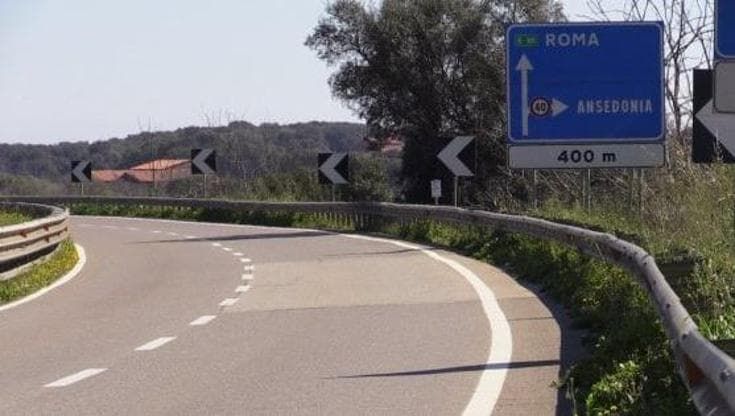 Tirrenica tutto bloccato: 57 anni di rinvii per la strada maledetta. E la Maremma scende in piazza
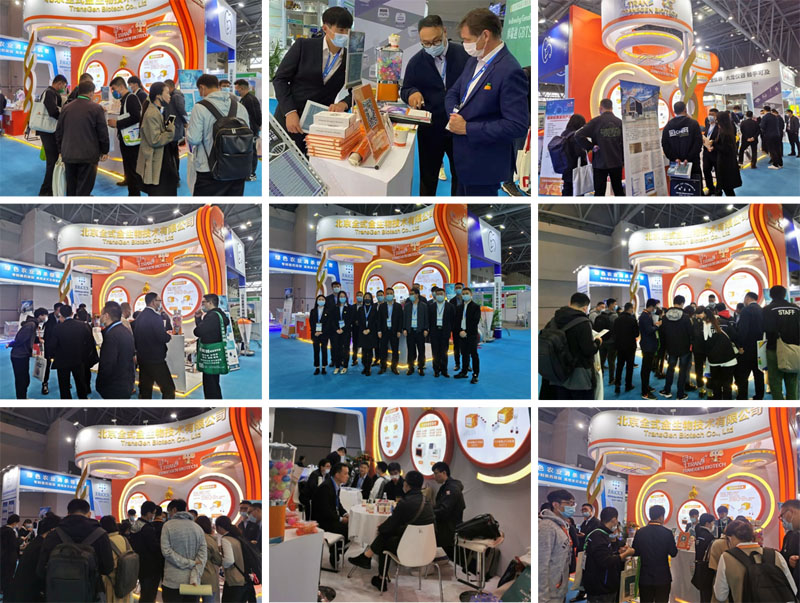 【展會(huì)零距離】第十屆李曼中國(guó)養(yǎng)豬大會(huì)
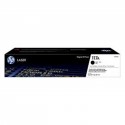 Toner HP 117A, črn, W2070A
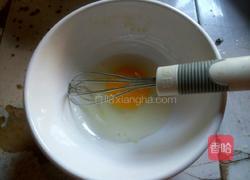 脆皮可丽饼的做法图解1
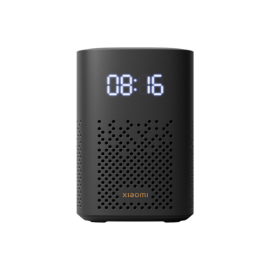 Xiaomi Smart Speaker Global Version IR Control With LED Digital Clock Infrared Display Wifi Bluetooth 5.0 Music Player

===

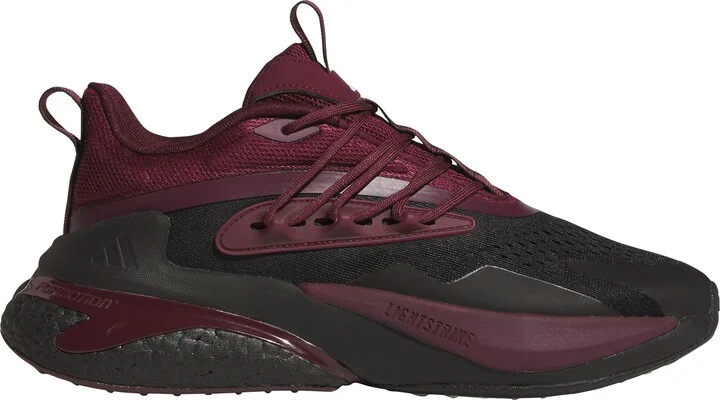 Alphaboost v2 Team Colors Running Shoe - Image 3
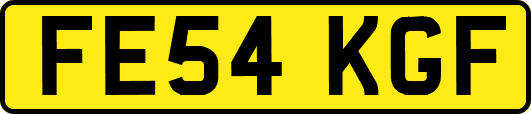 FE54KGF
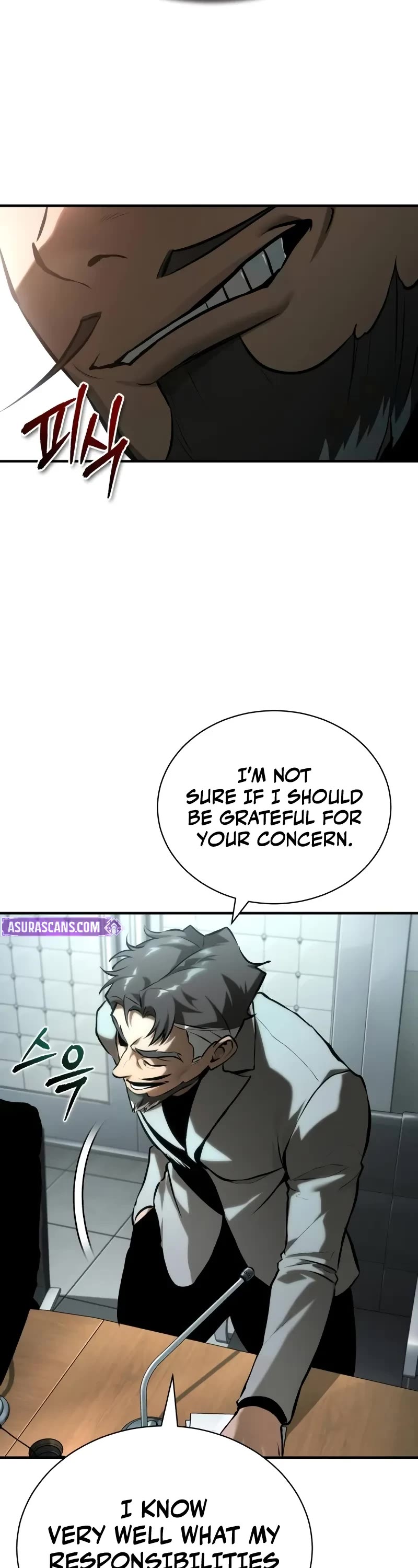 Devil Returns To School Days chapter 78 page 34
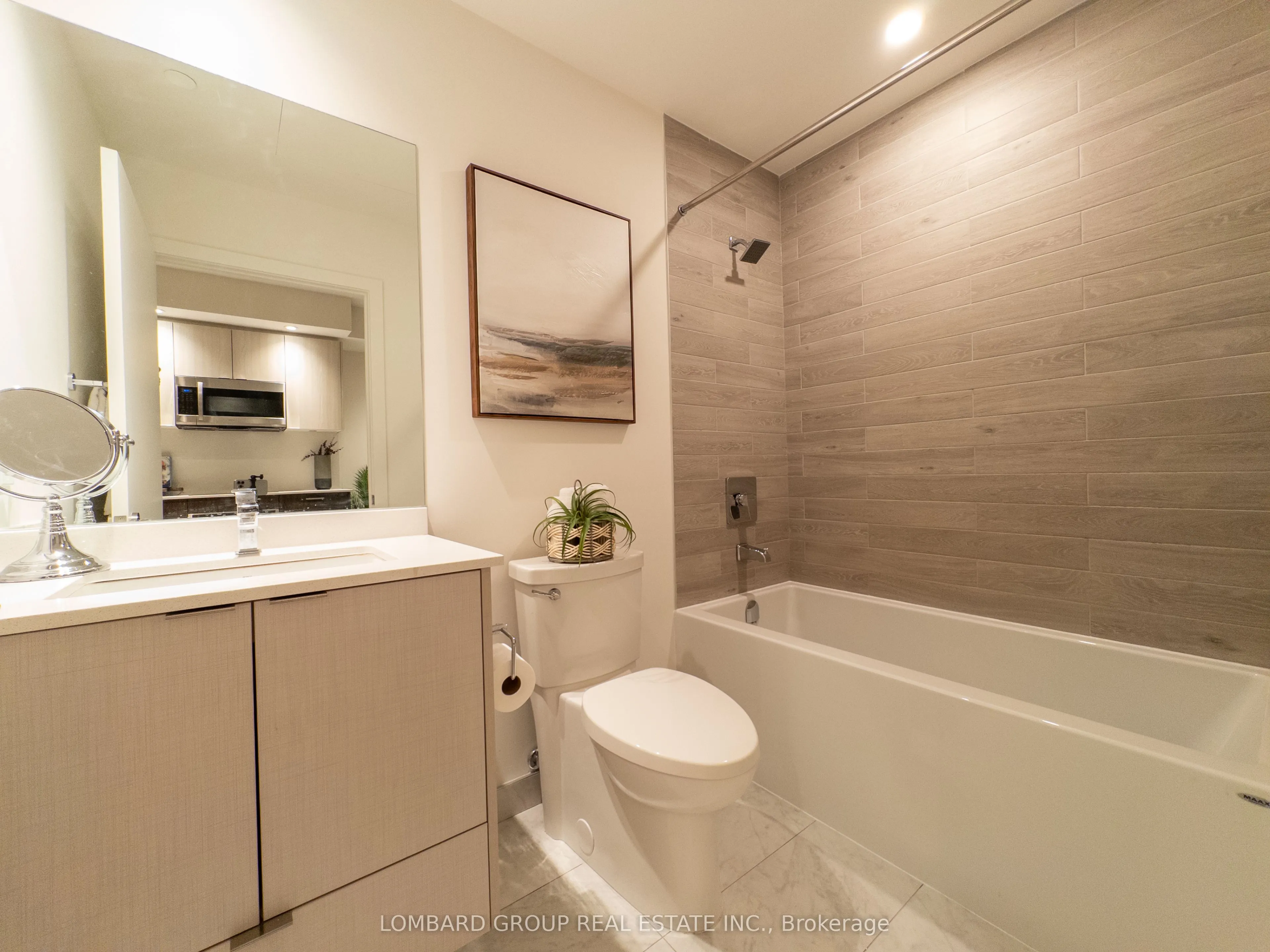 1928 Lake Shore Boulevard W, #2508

===

* Aim of the task
Although pictures appear among the records above, write out exactly only the lines from the one that has "Tirrenica tutto bloccato: 57" through the one that has "脆皮可丽饼的做法图解1", and leave the pictures out.

* Output for this exercise
 Tirrenica tutto bloccato: 57 anni di rinvii per la strada maledetta. E la Maremma scende in piazza
 【展會(huì)零距離】第十屆李曼中國(guó)養(yǎng)豬大會(huì)
 Toner HP 117A, črn, W2070A
 脆皮可丽饼的做法图解1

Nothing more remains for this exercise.